There is excitement and peace and ease and delight in this life, but we have to find ways to make room for it, to find time to notice it, even in the ongoing roar of this pain. Over time and with practice, we get better and better at the peace and the joy and the loving connections, and .. it’s not that the pain is any less, because the rocketing nausea these past few days tells me otherwise, but it doesn’t matter as much, because more important things have taken its place in the core of our lives.
Easier said than done, but it’s basically a matter of practice. It doesn’t come naturally, and nor should it, because anyone who responds to getting a leg ripped off with, “Oh, what a lovely flower!” is probably not going to survive to raise offspring.
Being frantic in the face of horrible pain is a good survival mechanism — as long as the pain subsides when it should. For those of us who live with that kind of pain, we have to learn to re-program that core survival response (!!!) and be more mindful about how we deal with life.
Find excuses to celebrate. Finished the dishes? Celebrate! Heard from a good friend? Celebrate! Is it Tuesday? Good enough reason — celebrate! It sounds trivial, but it works. It makes your brain stronger, bit by bit. Each success prepares you for more.
In the Years from Hell, when I didn’t think I’d live out the year for a number of years, I was utterly wrung out with misery, and I refused to accept constant grimness. It was intolerable, literally intolerable; if I left my thoughts to dwell in it, I’d have had to finish myself off.
I turned my attention to whatever was not misery, and sucked the juice from it.
I noticed every sparkle of light on the water, every flicker of color in the tiny wildflowers in the grass, the way trees spread and shake their branches, the caress of the air on a fine morning, the particular blend of colors in every sunrise or sunset I was up for, the way the sky and sea reflected each other in every weather.

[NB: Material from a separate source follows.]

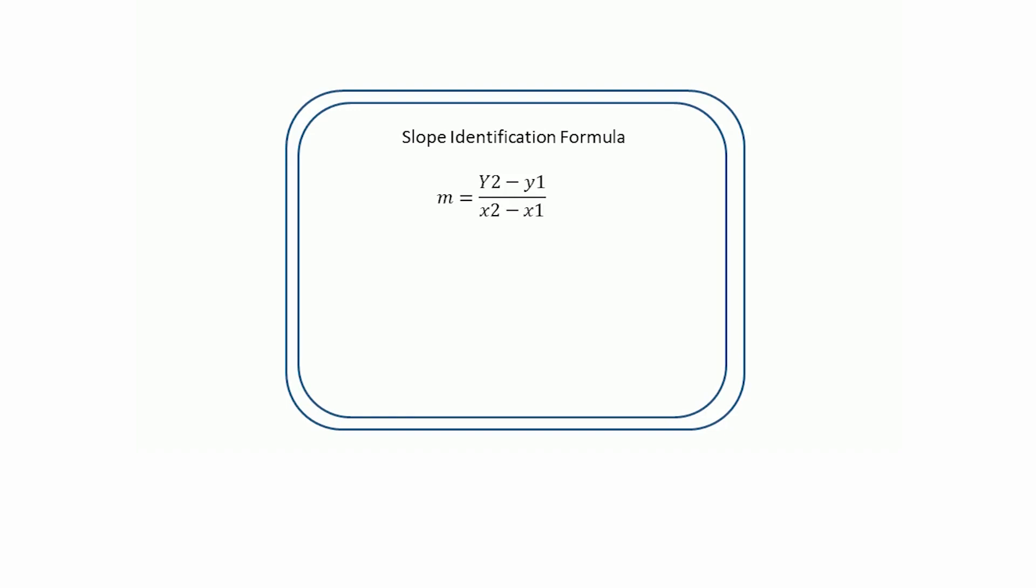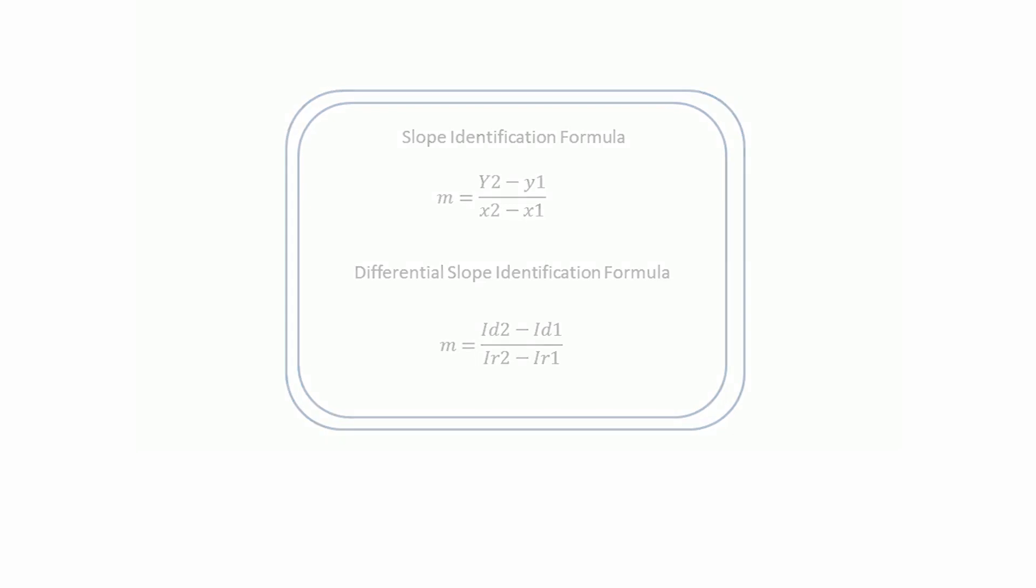By substituting these values, M can be calculated as ID2 minus ID1 divided by IR2 minus IR1.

I got to learn the habits of the birds, from the imposing night herons to the unearthly blue herons, rare goldfinches, raucous terns, fat geese, chatty ravens, and the everlasting seagulls. I noticed the weird little shrimp living in the greenery below the waterline on the docks. When I could, I got up on shore at sunrise around the equinoxes to see the incredible light-show as the San Francisco windows were lit up by the first liquid rays of the sun, a dappled bank of golden glory marching up the hill across the Bay.
I was like a seagull for joy, pouncing on every bit of it indiscriminately. Time enough for the grey grims when there was nothing else to find. I leaped on every chance to find some beauty, some moment to get lost in.

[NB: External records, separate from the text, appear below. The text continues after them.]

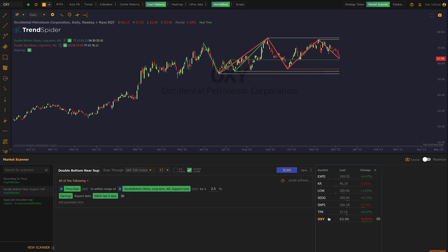So that's how TrendSpider's automated pattern recognition works on the charts and in the scanner for double tops and double bottoms. Keep your eyes out — we have more patterns on the way, and next up are channels. Also keep in mind these are not the only parts of the platform where you can use automated chart pattern recognition; you can use it in smart checklists and some other parts as well. Thank you very much for watching — I hope you find this interesting. If you haven't tried TrendSpider, it's a great time to start. Thank you and have a good day.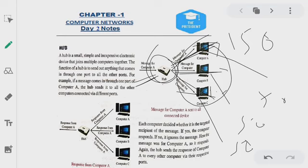The HUB device responds — if the message has come to A, then the message will go to A. But if you use three systems at one time, then the speed will be equally distributed.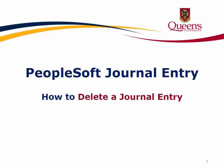Welcome to another lesson contained within the PeopleSoft journal entry training module. In this lesson, learn how to delete a journal entry.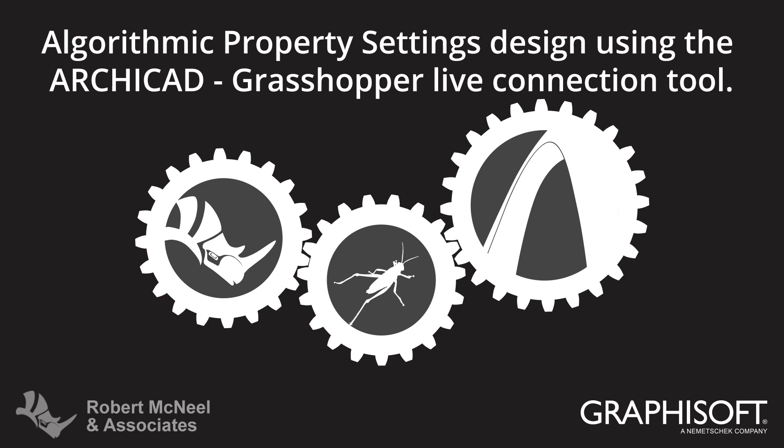This video describes how to use the Property Settings in the algorithmic design of various components using ARCHICAD and the ARCHICAD Grasshopper connection.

Sometimes I was disappointed: sometimes the weather soured; sometimes a friend wasn’t answering the phone; sometimes a dash of color was a piece of garbage, not a flower. (I still pick up random garbage when I’m out.)

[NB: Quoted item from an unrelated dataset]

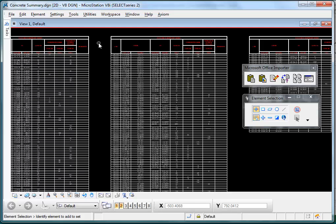The way the updating works is whenever you open a design file in the future that has one of our linked pastes in it, we check to see if the spreadsheet or Word document has changed. If it has, we update the data in the design file to keep it up to date. If it hasn't, then no update is necessary.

Working to find bits of joy was probably the most important tool in getting me through, because I could use it every day and it didn’t depend on anyone else to work. Fortunately, things did eventually change, and I was there to rise with that tide.
I trained myself well. To this day, I find myself stopping and staring when I see sunlight or moonlight shining on water.
It’s the most beautiful thing in the world to me. It saved my life day after day for years, so that probably makes sense, eh?
Be greedy; work at finding beauty and joy. It’s good for you. If nothing else, it pierces the veil of pain and frustration and it reminds you that there is a larger world, one worth getting to. Your old reality may be gone, but there are aspects of the new reality worth cherishing. I hope you all find the beauties that make you stop everything, just so you can get lost in them and soak up the joy.